USN-6633-1: Bind vulnerabilities

Isolation Segment

5 more products

24844

25 July 2024

25 July 2024

CLOSED

MEDIUM

CVE-2023-4408;CVE-2023-50387;CVE-2023-50868;CVE-2023-5517;CVE-2023-5679

Severity

medium

Vendor

VMware Tanzu

Versions Affected

  • Canonical Ubuntu 22.04

Shoham Danino, Anat Bremler-Barr, Yehuda Afek, and Yuval Shavitt discovered that Bind incorrectly handled parsing large DNS messages. A remote attacker could possibly use this issue to cause Bind to consume resources, leading to a denial of service. (CVE-2023-4408) Elias Heftrig, Haya Schulmann, Niklas Vogel, and Michael Waidner discovered that Bind icorrectly handled validating DNSSEC messages. A remote attacker could possibly use this issue to cause Bind to consume resources, leading to a denial of service. (CVE-2023-50387) It was discovered that Bind incorrectly handled preparing an NSEC3 closest encloser proof. A remote attacker could possibly use this issue to cause Bind to consume resources, leading to a denial of service. (CVE-2023-50868) It was discovered that Bind incorrectly handled reverse zone queries when nxdomain-redirect is enabled. A remote attacker could possibly use this issue to cause Bind to crash, leading to a denial of service. (CVE-2023-5517) It was discovered that Bind incorrectly handled recursive resolution when both DNS64 and serve-stable were enabled. A remote attacker could possibly use this issue to cause Bind to crash, leading to a denial of service. (CVE-2023-5679) Update Instructions: Run `sudo pro fix USN-6633-1` to fix the vulnerability. The problem can be corrected by updating your system to the following package versions: dnsutils - 1:9.18.18-0ubuntu0.22.04.2 bind9-libs - 1:9.18.18-0ubuntu0.22.04.2 bind9utils - 1:9.18.18-0ubuntu0.22.04.2 bind9-dev - 1:9.18.18-0ubuntu0.22.04.2 bind9-doc - 1:9.18.18-0ubuntu0.22.04.2 bind9-utils - 1:9.18.18-0ubuntu0.22.04.2 bind9 - 1:9.18.18-0ubuntu0.22.04.2 bind9-dnsutils - 1:9.18.18-0ubuntu0.22.04.2 bind9-host - 1:9.18.18-0ubuntu0.22.04.2 No subscription required.

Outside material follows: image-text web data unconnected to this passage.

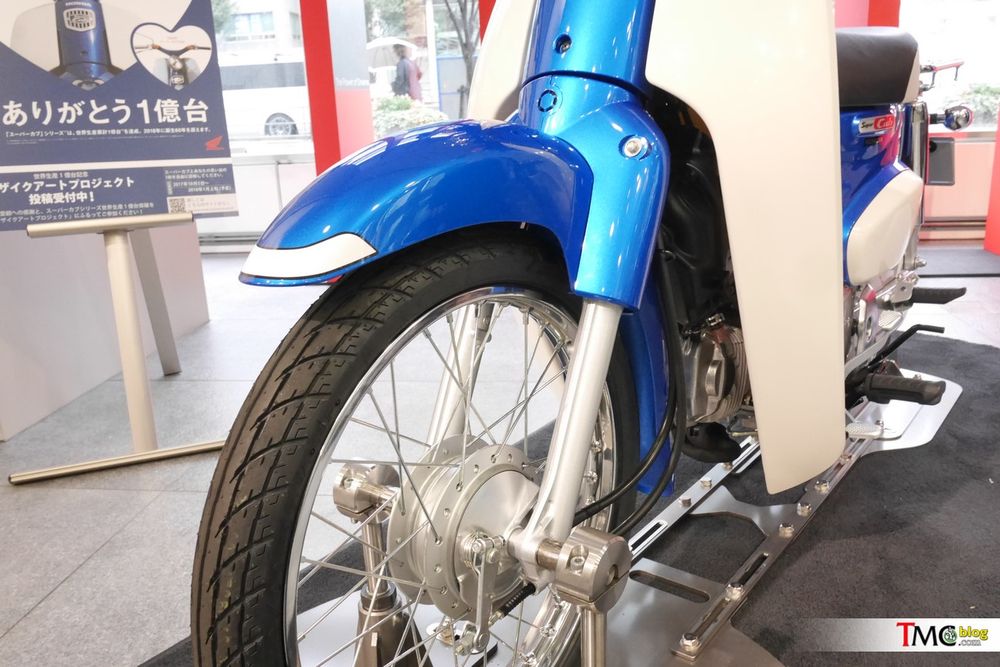 Hình ảnh thực thế của Honda Super Cub 2018 tại đại lý Nhật Bản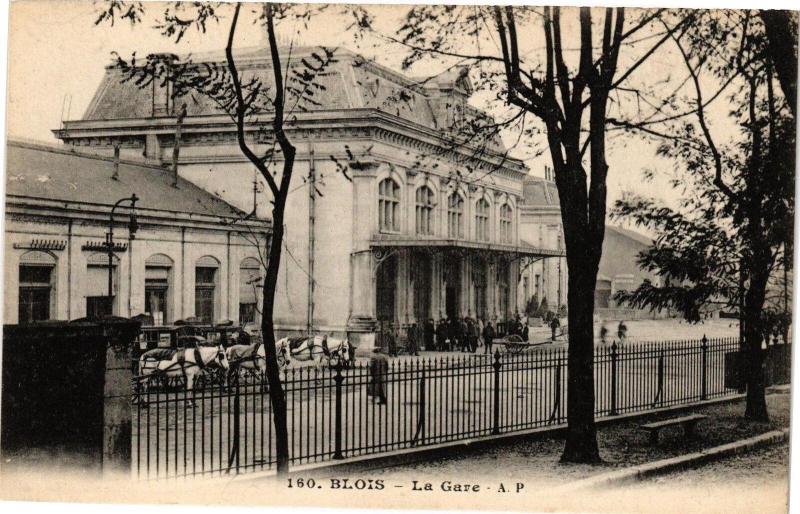 Carte postale ancienne Blois - La Gare à Blois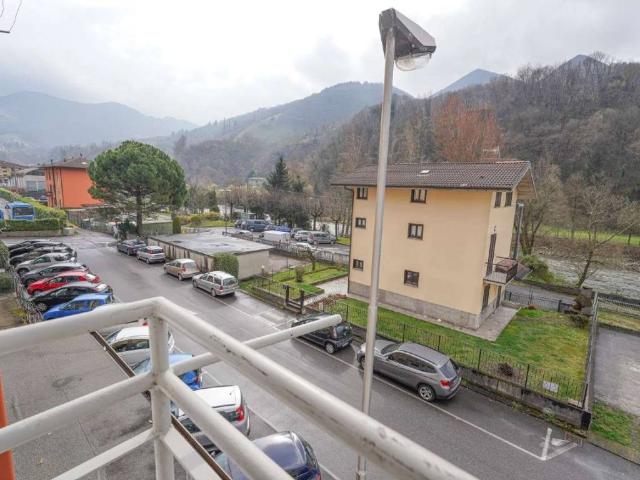 Appartamento in vendita a Comunità Montana della Valle Brembana, Zogno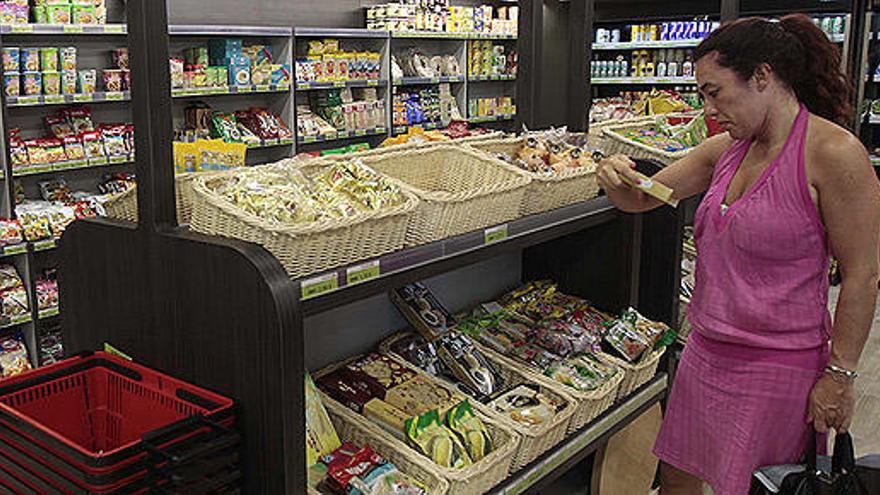 Una mujer compra en un supermercado.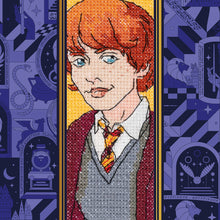 Afbeelding in Gallery-weergave laden, Pre-order DMC Harry Potter Borduurkit boekenlegger - Ron
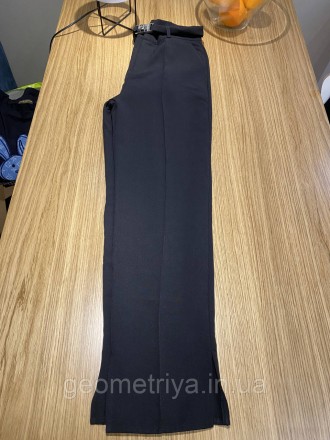 
Жіночі прямі брюки Calvin Luo
Заміри:
ОБ 51 см
Талія 37
Довжина 105 см
Довжина . . фото 6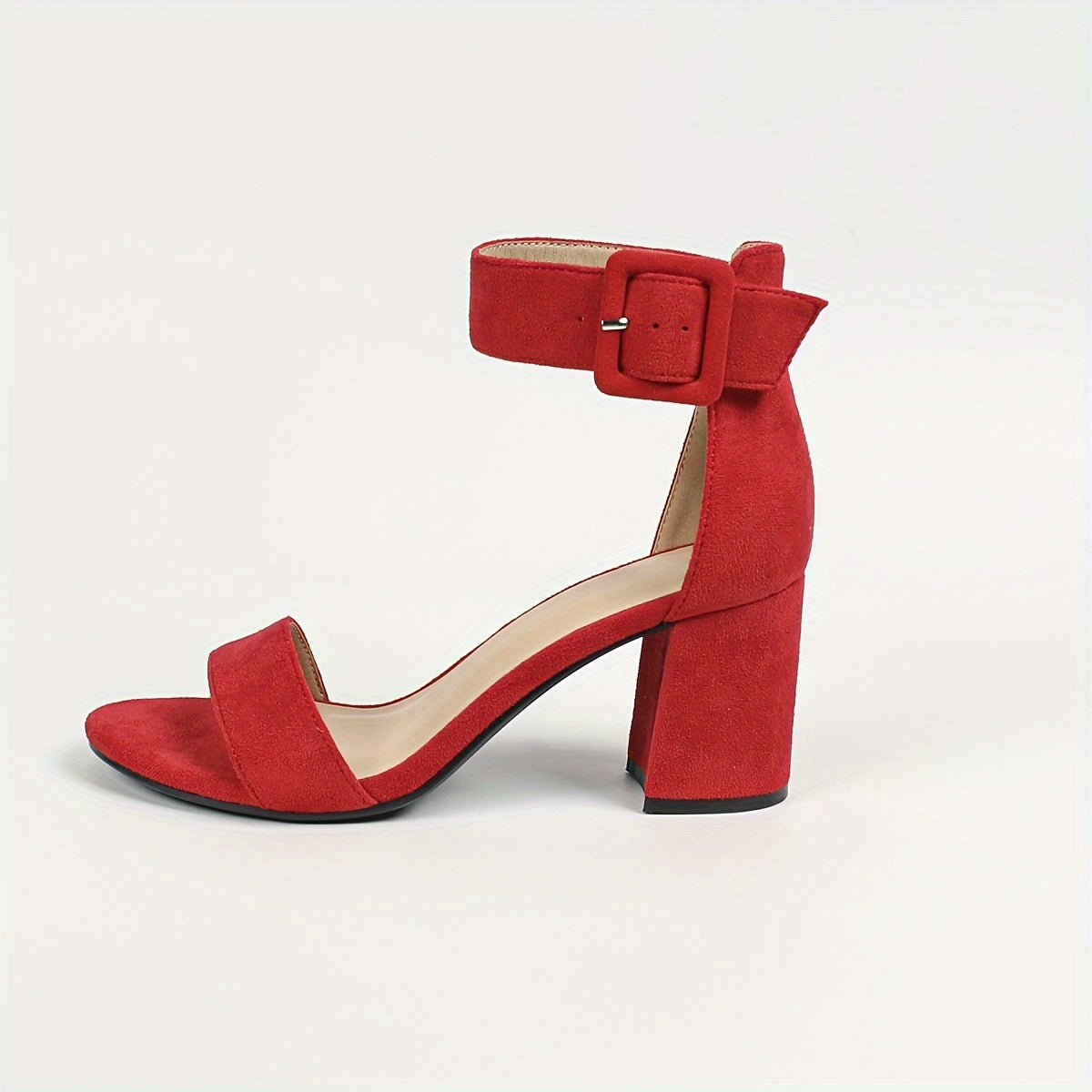 Qulupnay oyoq bilagida tasma va ochiq barmoq bilan zamonaviy oq blok tovonli sandlelar, har qanday holat uchun mos va qulay.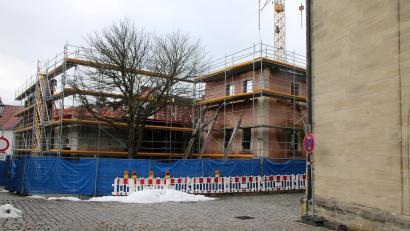 Bild: sne
Durch das neue Trauungszimmer und eine dazugehörige Treppe wird der Platz zur Kirche deutlich schmäler.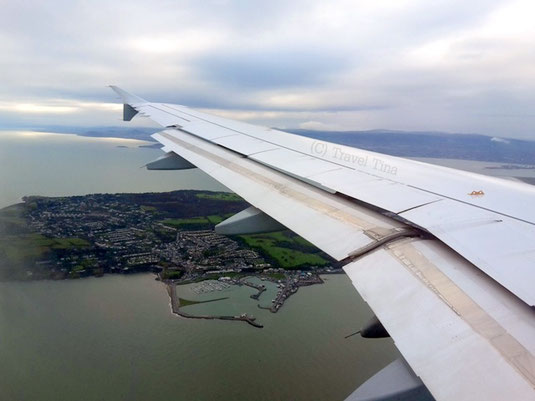 Anflug auf Dublin , über Howth. Ein Flickenteppich aus Meer und grünen Feldern.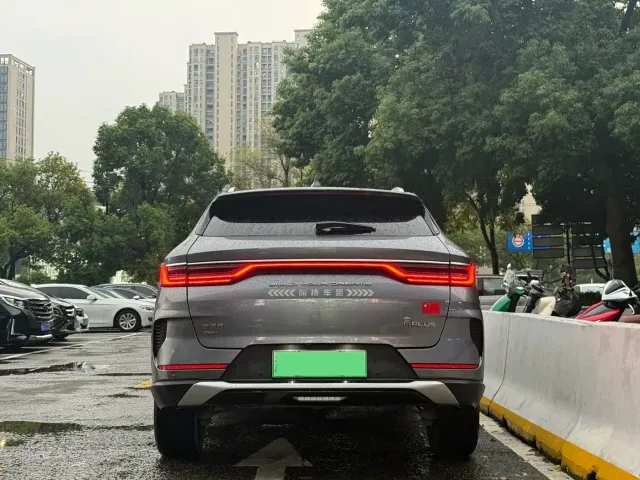 BYD Song PLUS — Фото автомобиля 5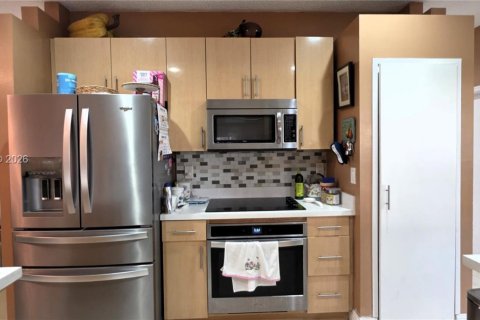 Villa ou maison à vendre à Doral, Floride: 3 chambres, 189.43 m2 № 2030082 - photo 13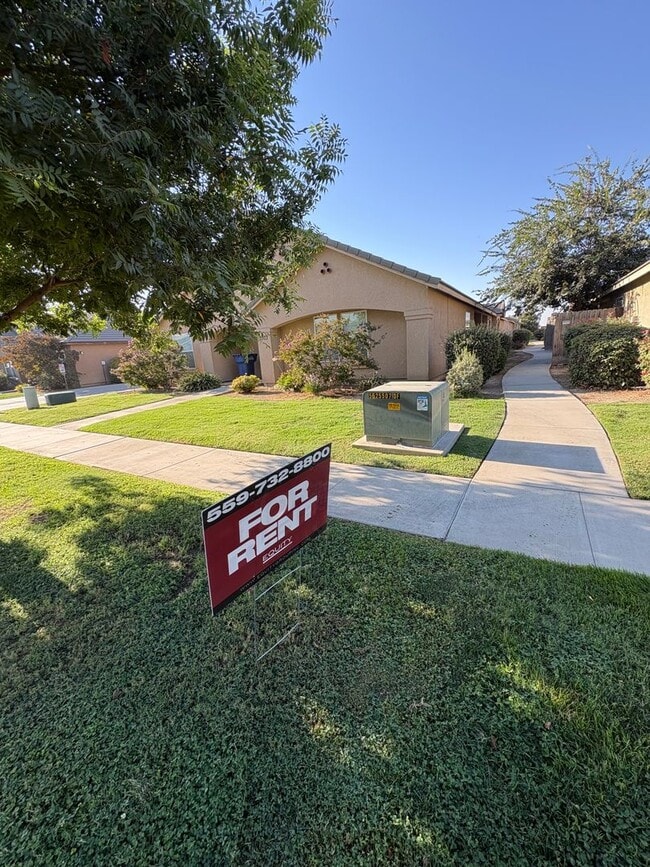 Photo - 2111 Bella Oaks Dr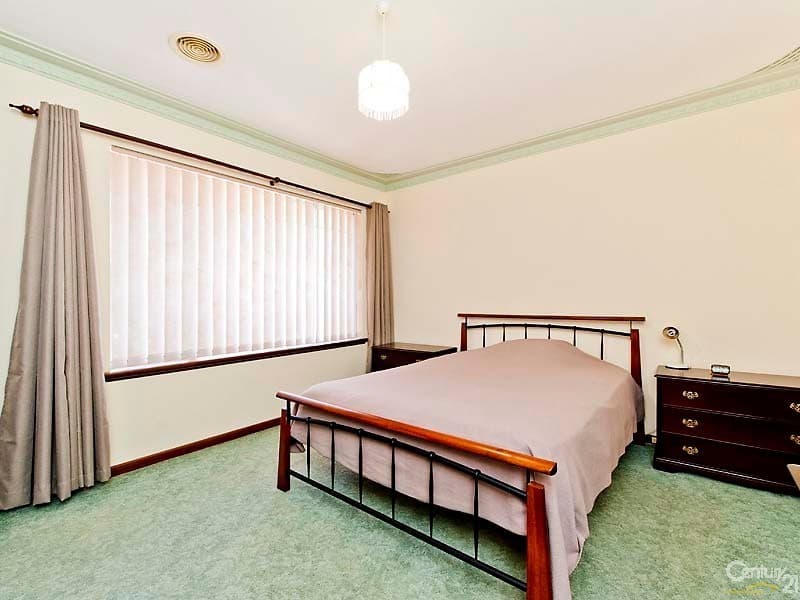 19 Bamboore Crescent, Wanneroo, WA, 6065, Wanneroo - Thumbnail 4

Fixed and Unaffected VMware Products and Versions

  • Cflinixfs4
    • 1.72.0 or greater
  • Jammy Stemcells
    • 1.379 or greater
  • CF Deployment
    • All unaffected
  • Tanzu Greenplum for Kubernetes
    • 2.0.0 or greater
  • Isolation Segment
    • 4.0.18+LTS-T or greater
    • 5.0.8 or greater
    • 6.0.x unaffected
  • Operations Manager
    • 3.0.25+LTS-T or greater
  • MySQL for VMware Tanzu
    • 3.3.x unaffected
  • VMware Tanzu Applications Service for VMs
    • 4.0.18+LTS-T or greater
    • 5.0.8 or greater
    • 6.0.x unaffected

References

https://ubuntu.com/security/notices/USN-6633-1

https://www.cloudfoundry.org/blog/usn-6633-1

https://cve.mitre.org/cgi-bin/cvename.cgi?name=usn-6633-1

https://support.broadcom.com/web/ecx/support-content-notification/-/external/content/SecurityAdvisories/0/24844

History

2024-02-13: Initial vulnerability report published.